Exactly 110 years ago, in 1907, President Theodore Roosevelt created the 36,000 acre Chaco Culture National Historical Park, ensuring that many of the region’s most significant and awe-inspiring ancient ruins were protected for generations to come. While protection of this park unit was a very important first step, thousands of archaeological sites lie outside the park throughout the San Juan Basin. Some of these sites are over 12,000 years old.
This area was historically the center of Puebloan culture and economic life. Over many generations our people built great houses, astronomical observation sites and ceremonial kivas across the Four Corners region. These sites continue to be places of prayer, pilgrimage and a living connection to our ancestors. Our water, our lands, our culture and our livelihoods depend upon this landscape. All of these things are threatened as industrial development expands in the San Juan Basin.
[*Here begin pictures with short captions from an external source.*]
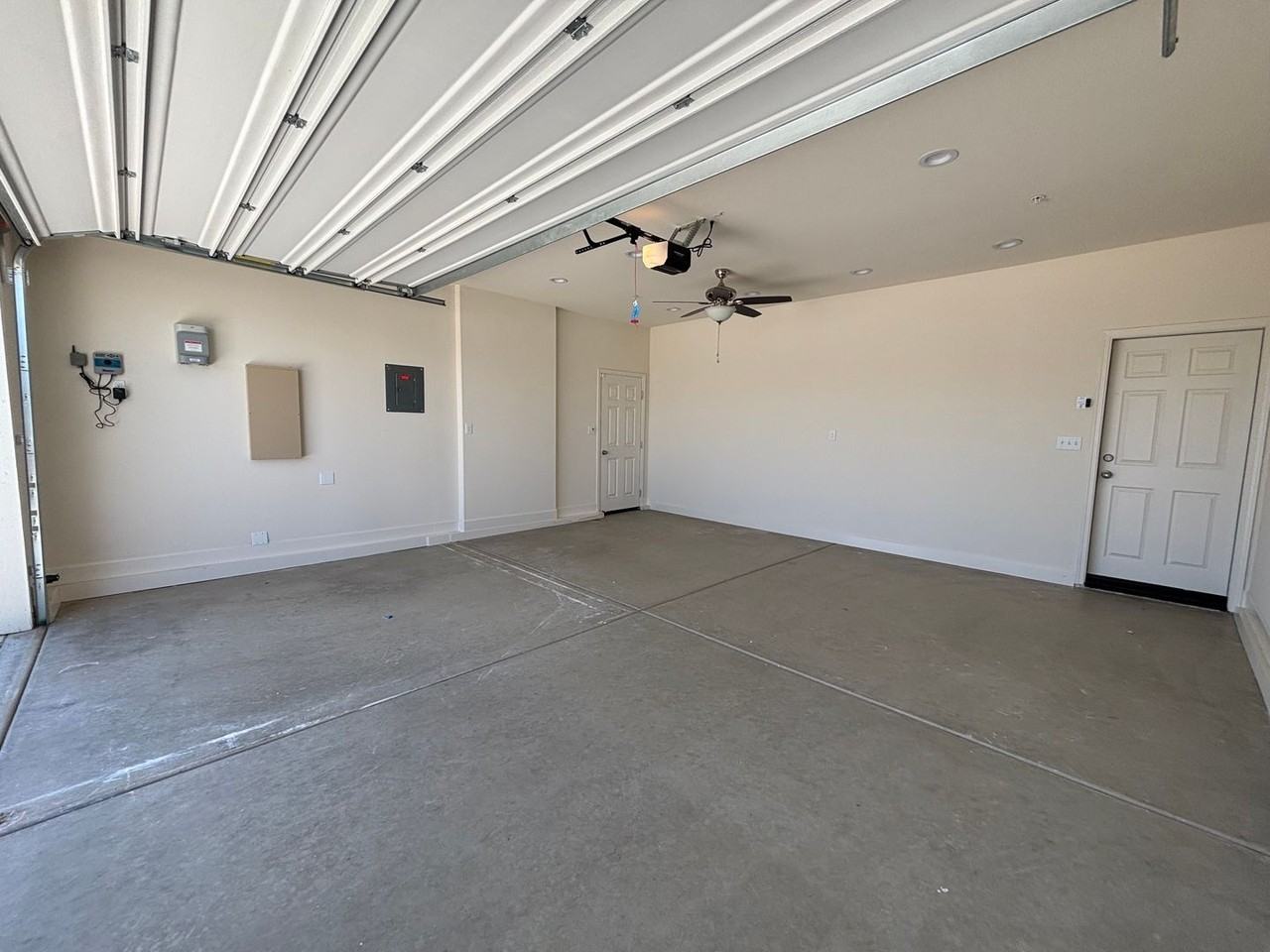 30769 Ashland Rd - Photo 5 of 19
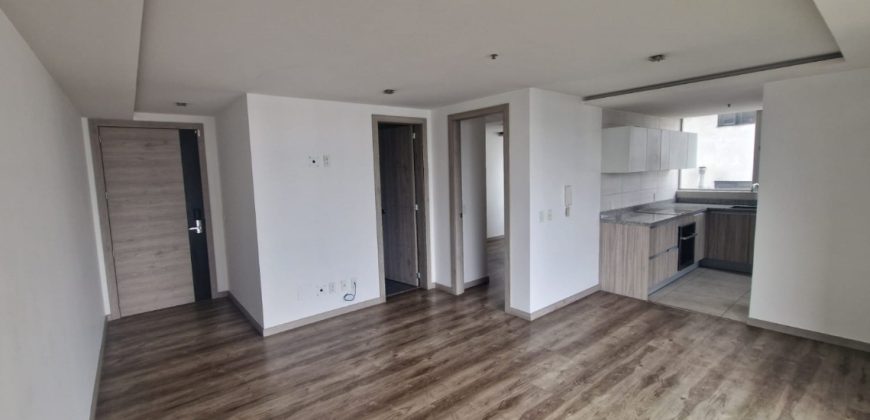 Vendo Suite, Un Dormitorios, Balcón, Parqueadero, Sector El Batán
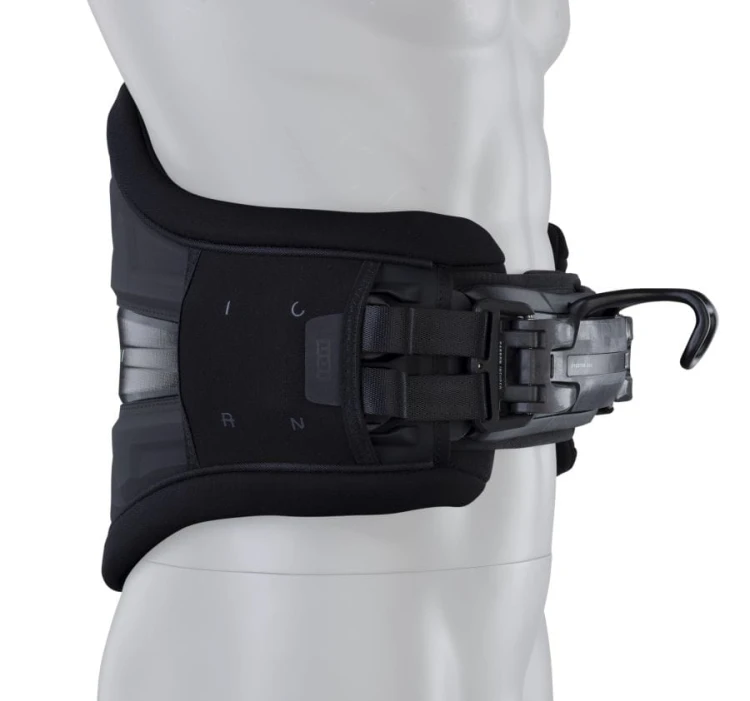 48252-4742_Trapez-windsurf-Ion-Radium-on-model-2025-black.jpg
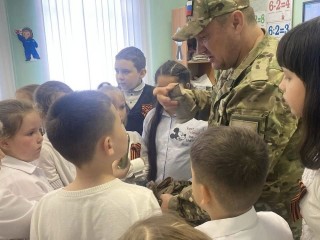 На уроке мужества в солнечногорском лицее №7 почтили память «Ночных ведьм»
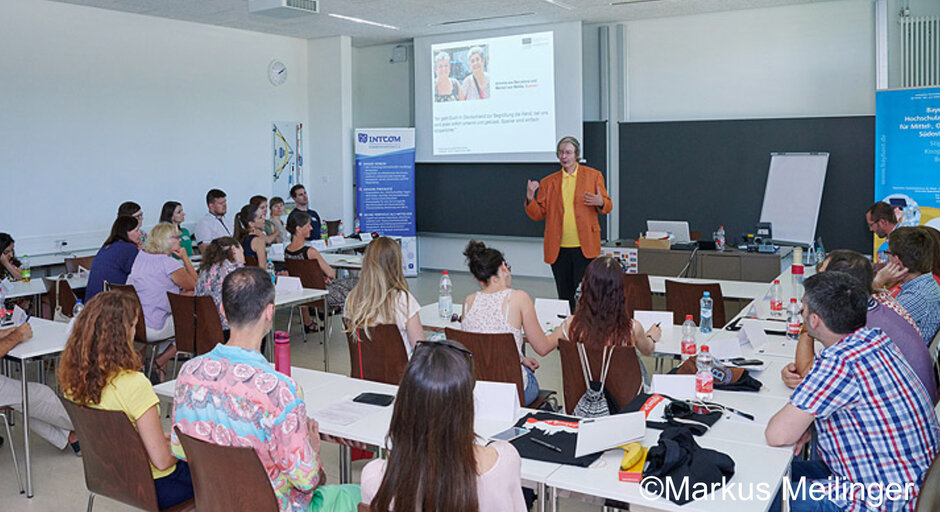 Prof. Dr. Wilfried Dreyer hält Vortrag an der Ostbayerischen Technischen Hochschule Regensburg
As we celebrate the anniversary of Chaco Park, we call on the BLM to increase protections for the Greater Chaco Canyon. Most of this area is publicly owned land managed by the BLM. Yet the BLM has already leased 90 percent of the area to oil and gas drilling. We, as representatives of the Pueblo and Navajo people, are calling on the agency to protect what’s left, including areas where leased land hasn’t been developed yet. Around 16,000 oil and gas wells pepper our ancestral landscape, as do more than 15,000 miles of industrial access roads.
We understand that much of Greater Chaco has already been leased and developed and that future drilling in the region is virtually certain to continue. But we need public engagement to make our voices heard as the BLM plans for future management of lands in the Greater Chaco Region. As the BLM updates its land-use plan, known as a Resource Management Plan, we have the best opportunity in many years for the BLM to acknowledge the significance of the Greater Chaco landscape by taking bold steps to protect the area from future oil and gas development. We urge the BLM in their RMP process to protect a larger percentage of the lands contained in Greater Chaco.
We do not oppose energy development as a whole – it has positively benefited many communities in New Mexico. We simply believe it is time to recognize that the BLM needs to balance energy and development needs with protecting the few areas of our cultural landscape that remain intact and undeveloped.
Our culture, both past and present, is inextricably linked to our land, including those managed by the BLM. We continue to have serious concerns about the impacts incurred by oil and gas development and fear that decisions made by the BLM may further facilitate development in areas that are more valuable to us when left undeveloped.
As we celebrate the 110th anniversary of Chaco Canyon Park, join us in calling on the BLM to create a new chapter of the ancient Chaco story by setting our sacred sites off-limits to development.
Our Navajo and Pueblo communities look forward to working together on this and other issues in the future to ensure our ancestral homelands are protected for future generations.